Dugin retoma explicitamente a noção da obra de Friedrich Nietzsche e mostra que está ciente do caráter de duas faces do fenômeno, conforme abordado pelo filósofo de Zaratustra e posteriormente retomado por Martin Heidegger; há um niilismo passivo e um ativo: o primeiro coincide com a perda da fé nos valores tradicionais e na verdade metafísica; o segundo "diz sim" ao declínio do mundo passado e, reconhecendo em si mesmo a fonte do mundo futuro, funda-o como um legislador de sentido de acordo com a vontade de poder. O sistema liberal global representa, de acordo com Dugin, na esteira da escola revolucionária-conservadora, a reversão sociopolítica do niilismo, com a desintegração total, no Ocidente, da Europa tradicional.
O filósofo francês?
Henry-Lévy parece, em vez disso, usar o conceito de niilismo de acordo com um significado mais comum e popular: niilista é o indivíduo sombrio e sulfuroso que deseja o nada - morte, estase, mal, portanto, o oposto do progresso e da liberdade democrática utopicamente entendidos. Portanto, não são os habitantes do espírito moderno (como na tradição filosófica pós-nietzschiana) que são niilistas, para o intelectual francês, mas Dugin, os eurasianistas e os conservadores, ou seja, os inimigos da "sociedade aberta", para citar Popper. De fato, Henry-Lévy afirma, com grande pathos, mas pouca precisão filosófica, que "a melhor definição de niilismo (...) é a Rússia, com seus vinte e quatro milhões de mortos durante a Grande Guerra Patriótica. É a Europa, ocupada pelo nazismo. E são os judeus, meu povo, quase exterminados, reduzidos a nada pelos piores niilistas de todos os tempos.
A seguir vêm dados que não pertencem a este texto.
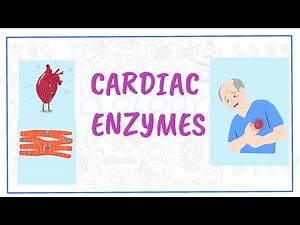 CARDIAC ENZYMES all you need to know!! #heartdisease #hearthealth #heart #cardiology #heartattack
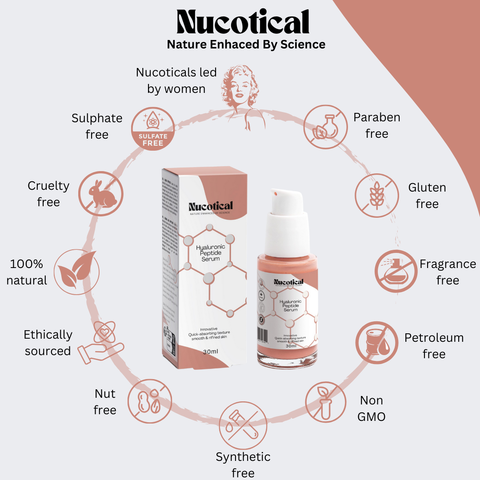 Nucotical Peptide Serum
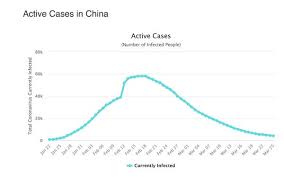 The new data modeling by researchers from britain's university. Coronavirus Charts Figures Show Us On Worse Trajectory Than China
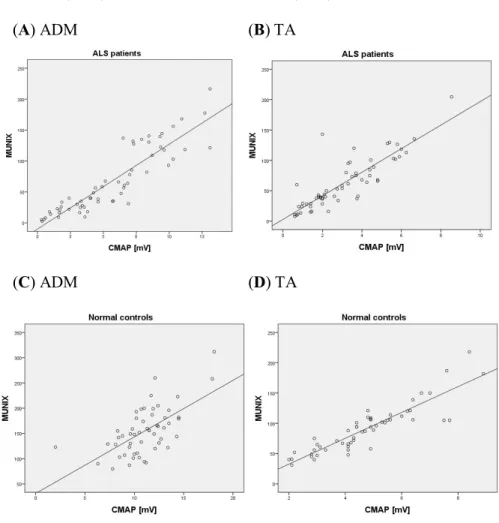 Figure  1.  MUNIX  values  plotted  against  the  CMAP  amplitude  of  the  muscle  tested  in  ALS  patients  and  normal  controls―bilateral  ADM  muscles (A, C) and bilateral TA muscles (B, D)   
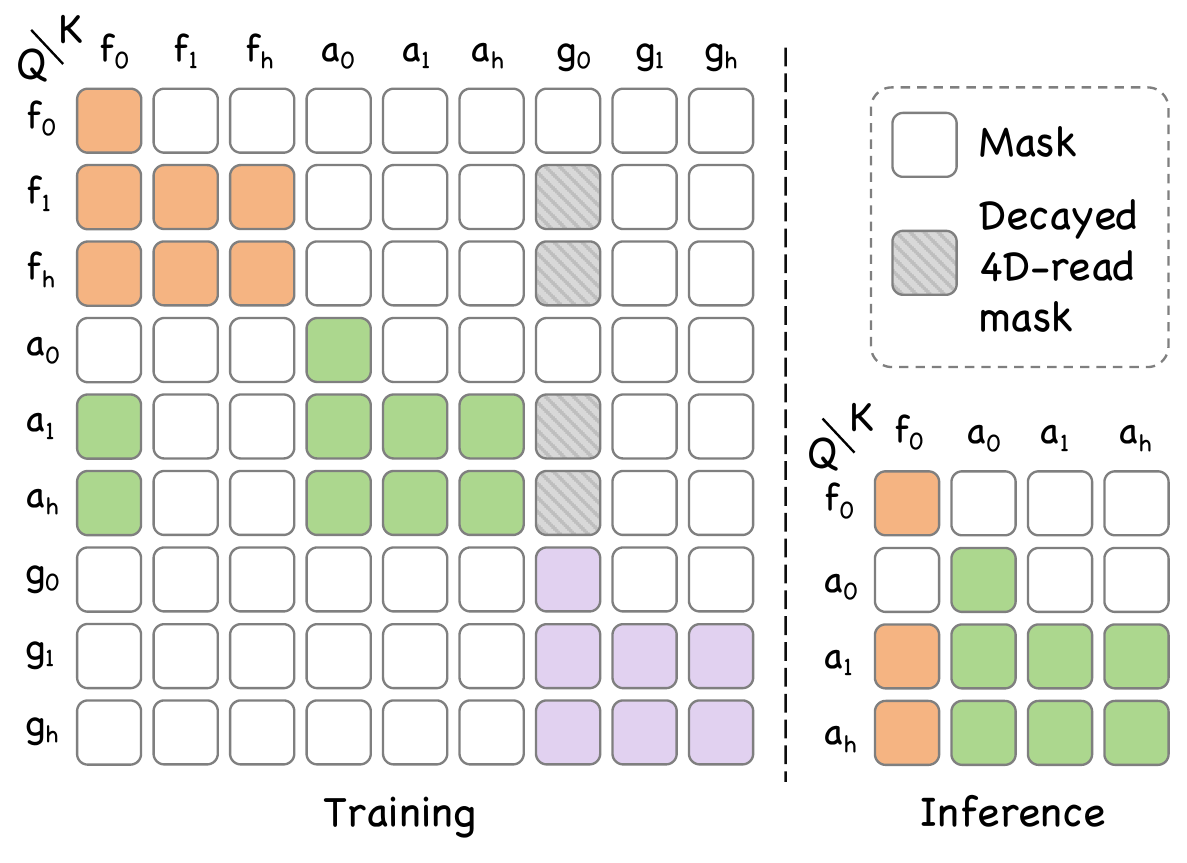 Training and inference query-key visibility grids. Hatched training cells let future video/action queries read current geometry g_0; future geometry is otherwise isolated.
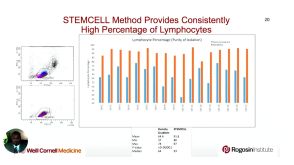 Implementation of an Immunomagnetic Human Lymphocyte Isolation Procedure in an HLA Laboratory for Flow Cytometry Crossmatch Assay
Sim, há uma definição clara de niilismo, que é: aqueles que cometeram esses crimes. E essas pessoas, esses nazistas, não vieram do céu. Eles vieram de ideólogos. De Carl Schmitt. De Spengler. De Stewart Chamberlain. De Karl Haushofer. Todas as pessoas de quem, lamento observar, você gosta, a quem cita e em cujas palavras se inspira. Portanto, quando digo que o senhor é um niilista, quando digo que Putin é um niilista, quando digo que há um clima doentio de niilismo em Moscou, que causa, entre outras coisas, mortes reais - Anna Politkovskaya, Boris Nemtsov e tantos outros, mortos em Moscou ou em Londres -, estou falando sério. Quero dizer que, infelizmente, um vento escuro e tenebroso de niilismo no verdadeiro sentido da palavra, que é um sentido nazista e fascista, está soprando sobre essa grande civilização russa hoje.
Como Dugin responde?
Dugin efetivamente tira proveito da acusação de seu oponente voltando aos termos da pergunta: ele admite explicitamente que é um niilista, mas apenas por causa de sua rejeição da "universalidade dos valores ocidentais modernos" e do preconceito "de que a única maneira de interpretar a liberdade é por meio da liberdade individual e que a única maneira de interpretar os direitos humanos é projetar uma versão moderna, ocidental e individualista do que significa ser humano em outras culturas". O niilismo de Dugin é o niilismo ativo que desconstrói os dogmas dos Solons da modernidade para construir novas tábuas de valores - de acordo com princípios inspirados pela clareza apolínea do platonismo político. Além disso, ao especificar que o que é propriamente niilista, em um sentido teórico, é o moderno em sua totalidade - o que inclui os regimes mencionados por Henry-Lévy, mas também a sociedade liberal contemporânea -, Dugin mostra uma compreensão muito mais radical do Zeitgeist coevo conosco, revelando um pensamento que é tão lúcido quanto excêntrico.